Daarbij moet rekening gehouden worden met de geldende wet- en regelgeving en met de vastgestelde (boven)gemeentelijke beleidskaders. Bovendien is een bestemmingsplan vaak een belangrijk middel voor afstemming tussen de milieuaspecten en ruimtelijke ordening.
In dit hoofdstuk worden de resultaten van het onderzoek naar de milieukundige uitvoerbaarheid beschreven. Het betreft de thema’s geluid, bodem, luchtkwaliteit, externe veiligheid, milieuzonering, ecologie, archeologie & cultuurhistorie en Besluit Milieueffectrapportage.
De Wet geluidhinder (Wgh) bevat geluidnormen en richtlijnen over de toelaatbaarheid van geluidniveaus als gevolg van rail- en wegverkeerslawaai en industrielawaai. De Wgh geeft aan dat een akoestisch onderzoek moet worden uitgevoerd bij het voorbereiden van de vaststelling van een bestemmingsplan indien het plan een geluidgevoelig object mogelijk maakt binnen een geluidszone van een bestaande geluidsbron of indien het plan een nieuwe geluidsbron mogelijk maakt. Het akoestisch onderzoek moet uitwijzen of de wettelijke voorkeursgrenswaarde bij geluidgevoelige objecten wordt overschreden en zo ja, welke maatregelen nodig zijn om aan de voorkeursgrenswaarde te voldoen.
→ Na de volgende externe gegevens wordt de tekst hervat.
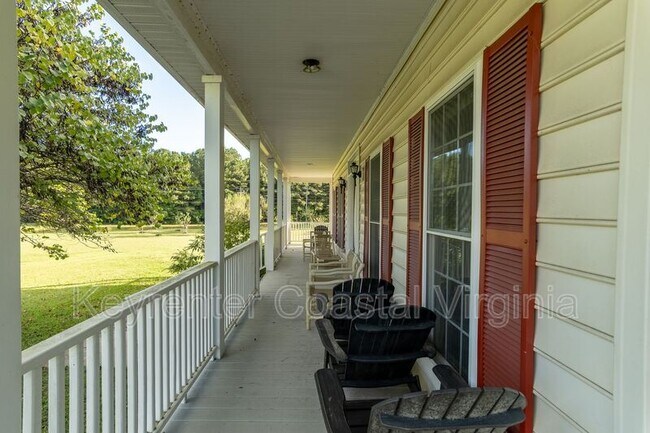 Foto del edificio - 15470 Turner Dr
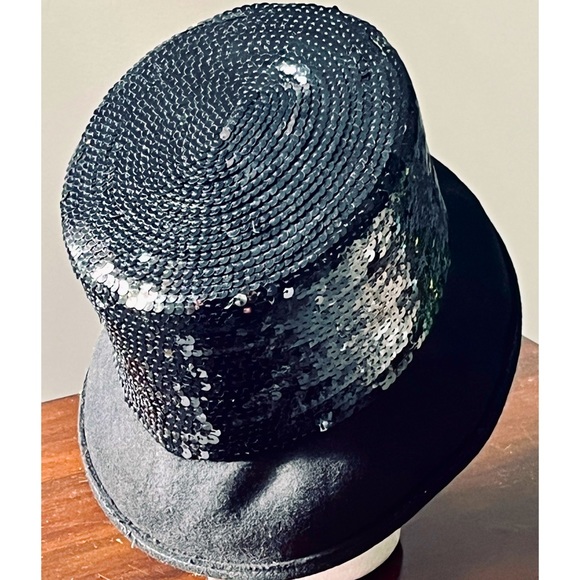 Vintage Black hat bell shape with sequins 4” Height 2" brim 100% wool - Picture 7 of 11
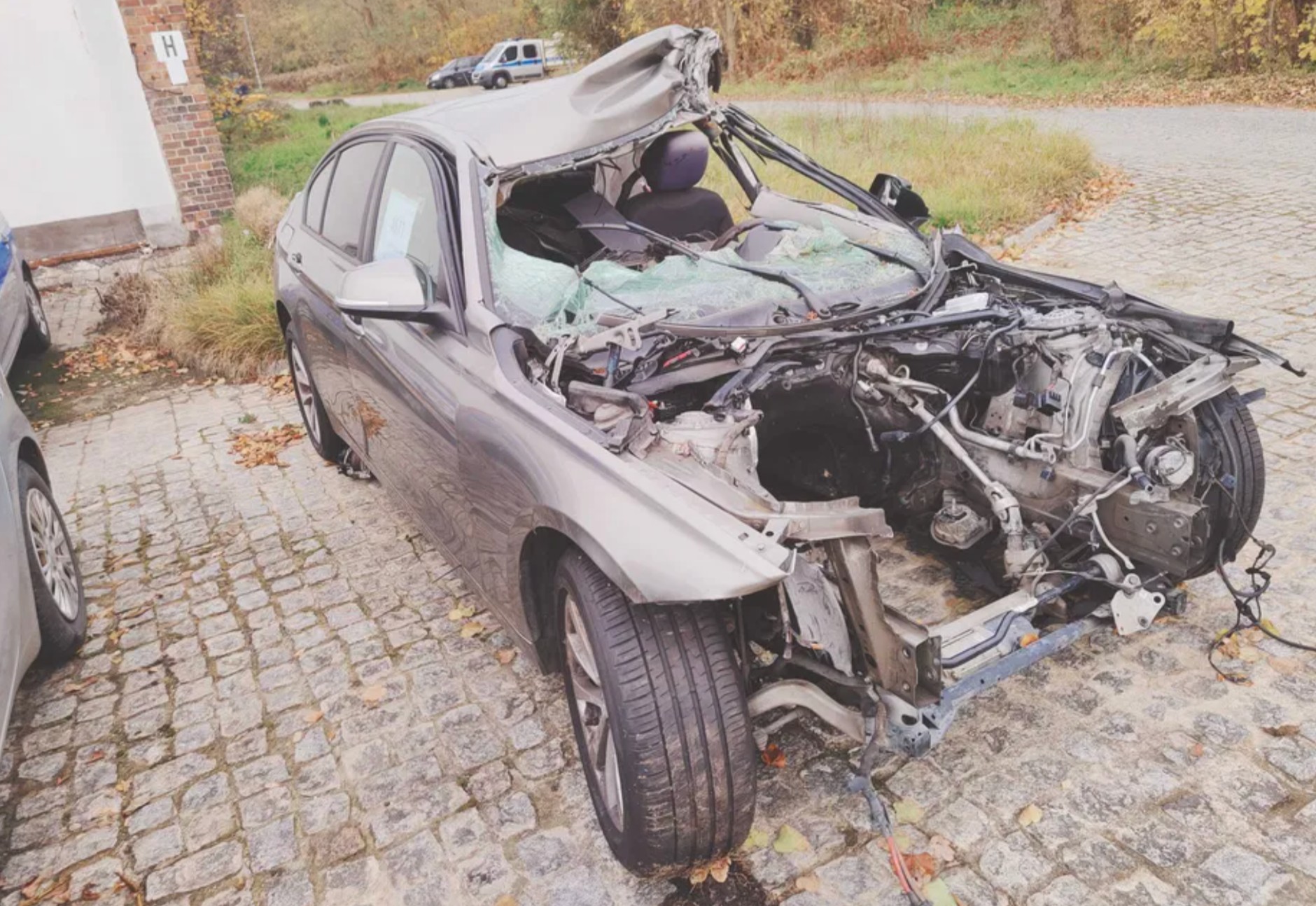 Oferta sprzedaży rozbitego BMW. Czy to wrak radiowozu?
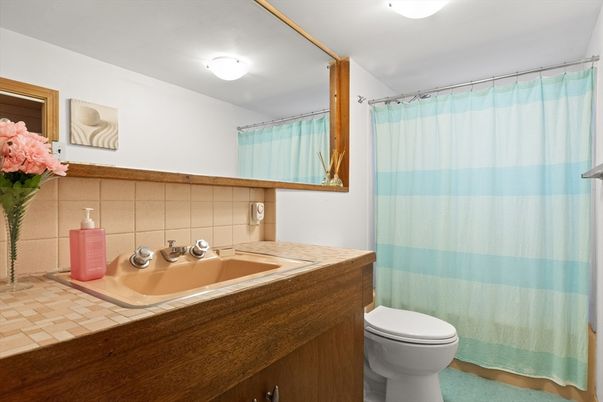 Bathroom, Interior, Tile Countertops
Het plangebied is niet gelegen binnen de zone van een gezoneerd bedrijventerrein. Daarom wordt niet nader op het aspect industrielawaai ingegaan. In paragraaf 5.5 wordt nader ingegaan op de in de omgeving aanwezige (individuele) bedrijvigheid.
De locatie ligt niet binnen de zone van spoorverbindingen. Er is geen akoestisch onderzoek railverkeerslawaai nodig.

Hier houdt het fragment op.